The law of Twitter: Legal guidelines coming on free speech

Full guidance on how authorities should treat offensive comments on Twitter is on the way, after the director of public prosecutors gave up on the current system.

The news comes as Keir Starmer announced he would not be pursuing a prosecution against Daniel Thomas, a semi-professional footballer who made a homophobic comment about Olympic divers Tom Daley and Peter Waterfield.

"There is no doubt that the message posted by Mr Thomas was offensive and would be regarded as such by reasonable members of society," Starmer said.

"But the question for the CPS [Crown Prosecution Service] is not whether it was offensive, but whether it was so grossly offensive that criminal charges should be brought. The distinction is an important one and not easily made."

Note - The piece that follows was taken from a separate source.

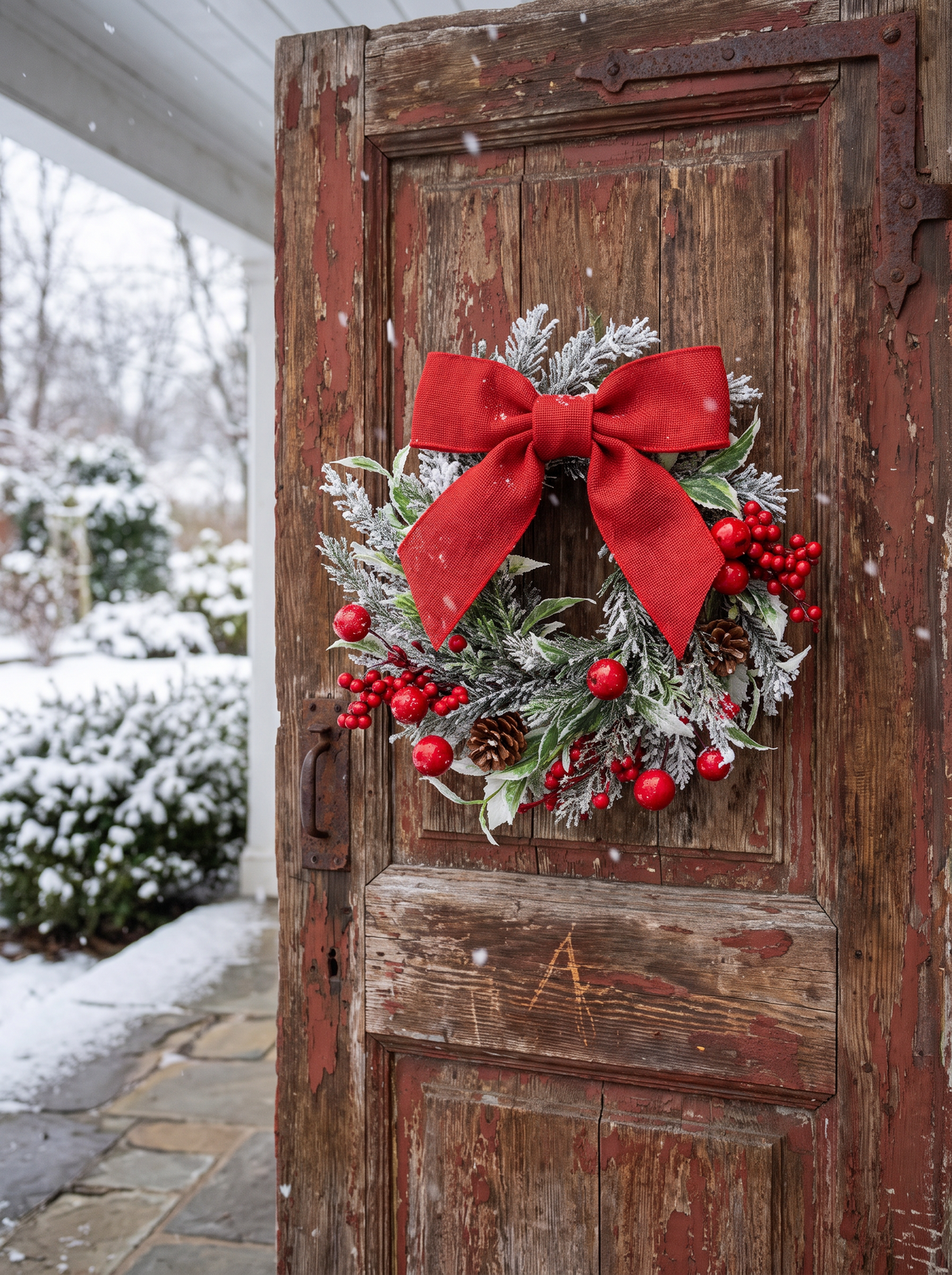 Red bow pinecone Christmas wreath b2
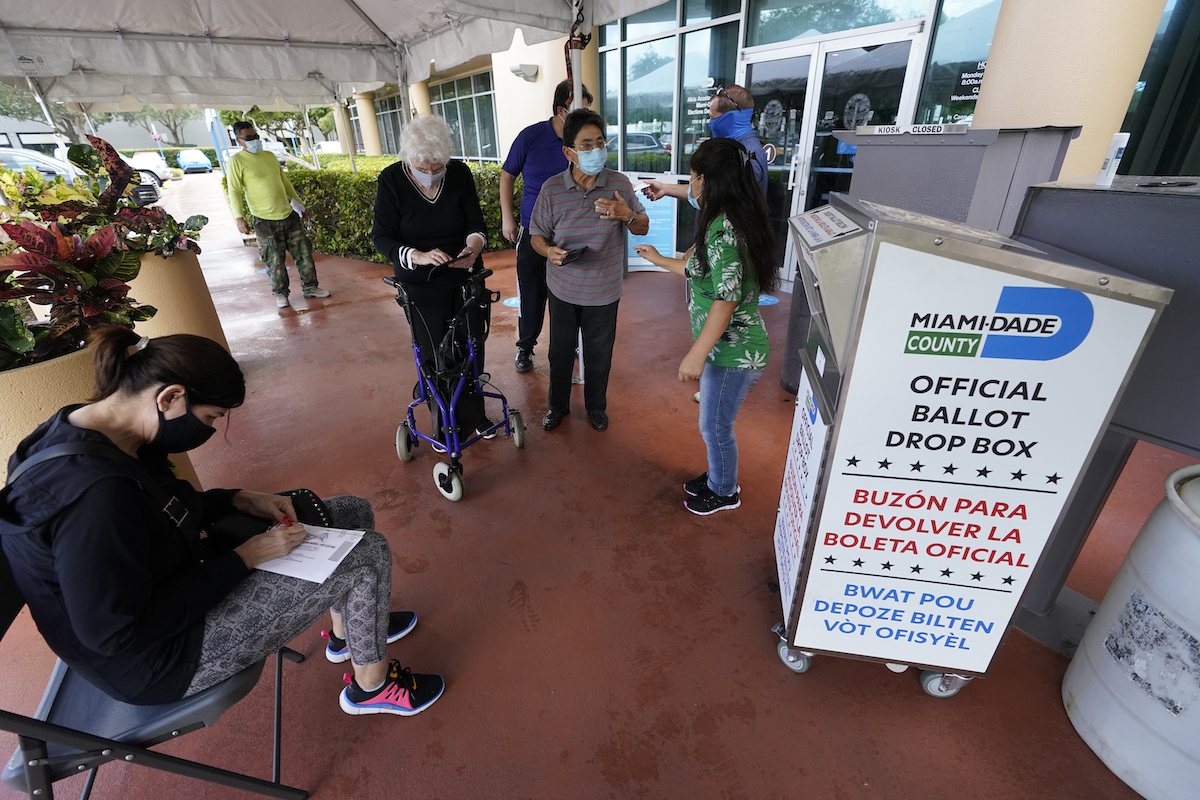 Miami Dade mail ballot drop box 10-6-20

Starmer said that criminal charges were suitable where there were examples of harassment; where court orders were flouted; or where "grossly offensive" or "threatening" comments were made – but that the free speech threshold must be set very high.

The director of public prosecutions therefore promised new guidance on Twitter specifically to guide police and prosecutors on what might step over the boundaries.

Explaining why Twitter was such a complex website when it came to legal judgements, Starmer said: "It is estimated that on Twitter alone there are 340 million messages sent daily. And the context in which this interactive social media dialogue takes place is quite different to the context in which other communications take place.

"Access to social media is ubiquitous and instantaneous. Banter, jokes and offensive comment are commonplace and often spontaneous. Communications intended for a few may reach millions."

Starmer's explanation of why Thomas did not have to undergo a criminal trial hints at what the guidance he may eventually draw up.

The director of public prosecutions highlighted the fact that Thomas "intended the message to be humorous", did not intend it to go beyond his followers – "who were mainly family and friends" – and then took "reasonably swift action" to delete it.

He also cited how Thomas had expressed remorse and was temporarily suspended from his football club, as well as the fact the two divers did not even read the message until they saw it in the press.

Starmer's reasoning suggests a desire to distinguish between offensive 'banter' and harassment.  It also appears Twitter users who have wide-ranging follower networks of strangers will be treated differently to those with a small group of family and friends following them.

The fact Starmer mentions Thomas' deletion of the message indicated that – as in a libel case – moves to delete and apologise for messages after they are posted will be recognised by prosecutors.

Labour suggested the new guidelines were a result of concerns over the Twitter joke trial, in which a man was prosecuted or jokingly threatening to blow up an airport – a decision Starmer supported.

"Social media users are not above the law, but the Crown Prosecution Service must exercise its discretion to prosecute with common sense and proportionality," commented Emily Thornberry, shadow attorney general

"The announcement is a tacit admission from the DPP that Paul Chambers, the defendant in the Twitter joke trial, was dragged through the courts for nothing. In that case the law and its enforcers were made to look an ass."

The Crown Prosecution Service (CPS) will draw up guidelines before a public consultation and roundtable discussions with campaigners, media lawyers, academics, social media experts and law enforcement bodies.